In the conditions of today’s world the experience of hell is a reality for many people. They often come face to face with titanic impulses and confusion of intellect. The human mind falters, and remains in this pitiful state. It is held captive by the pain of the reality which surrounds it, and easily seeks to break away from it, so as to find comfort in the substitutes which the passions of a world alienated from God offer. This tendency, often encountered in our day, leads to a continually increasing estrangement and diffusion. Aside: That is to say, man does not want to face the hell in which he finds himself, and seeks to escape from it through substitutes, only to find himself more entangled in it than before. End of aside.

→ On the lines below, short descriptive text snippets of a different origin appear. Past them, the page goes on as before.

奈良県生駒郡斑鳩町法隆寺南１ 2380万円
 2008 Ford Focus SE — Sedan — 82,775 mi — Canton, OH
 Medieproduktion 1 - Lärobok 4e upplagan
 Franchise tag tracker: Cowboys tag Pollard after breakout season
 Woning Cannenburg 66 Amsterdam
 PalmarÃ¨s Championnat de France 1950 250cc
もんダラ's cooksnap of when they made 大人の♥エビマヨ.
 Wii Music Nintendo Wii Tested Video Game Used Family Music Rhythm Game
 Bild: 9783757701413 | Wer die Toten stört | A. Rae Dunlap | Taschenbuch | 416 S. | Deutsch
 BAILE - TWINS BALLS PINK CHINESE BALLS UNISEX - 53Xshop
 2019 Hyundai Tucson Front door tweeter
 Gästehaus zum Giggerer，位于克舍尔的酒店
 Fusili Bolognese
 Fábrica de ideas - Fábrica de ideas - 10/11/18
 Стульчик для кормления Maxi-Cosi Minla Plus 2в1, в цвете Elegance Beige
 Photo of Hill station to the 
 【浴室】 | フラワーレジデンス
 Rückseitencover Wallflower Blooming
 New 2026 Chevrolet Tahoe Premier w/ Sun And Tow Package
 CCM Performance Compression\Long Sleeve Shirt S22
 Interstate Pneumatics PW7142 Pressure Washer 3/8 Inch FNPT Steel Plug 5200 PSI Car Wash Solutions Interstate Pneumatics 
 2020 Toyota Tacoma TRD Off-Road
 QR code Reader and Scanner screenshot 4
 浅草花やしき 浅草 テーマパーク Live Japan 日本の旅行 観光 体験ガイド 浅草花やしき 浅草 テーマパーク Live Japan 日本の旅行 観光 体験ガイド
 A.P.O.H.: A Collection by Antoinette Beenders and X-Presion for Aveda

The stress on the verb “keep”, stay your mind in hell, in the first part of the commandment, shows that if one voluntarily and persistently keeps in one’s mind a vision of the general hell of this present life, one is on the way to salvation and healing. This vision should inspire repentance and prayer for the salvation of all those who are in a similar state of suffering. The negative energy which comes from this experience of hell is transformed by this prophetic attitude of self-condemnation into energy for converse with God, which conquers the passions, bringing our life to the ontological level. …

St Silouan’s word truly expresses a great spiritual science, the only one which can effectively oppose the all-destroying corruption and devastation, apocalyptically being perpetrated in these last times by the spirit of wickedness. Through the greater pain of voluntary self-condemnation to hell, and by virtue of the Lord’s commandment, the believer can triumph over every other pain and temptation, and prove the love of Christ to be stronger than death, as is He who “conquered death by death”. Whatever is done willingly and in fulfilment of a commandment of God is inspired by divine wisdom, and leads to eternal victory. This victory renders man above this world, like unto Christ, who, by His extreme humility, overcame the world (cf. John 16:33).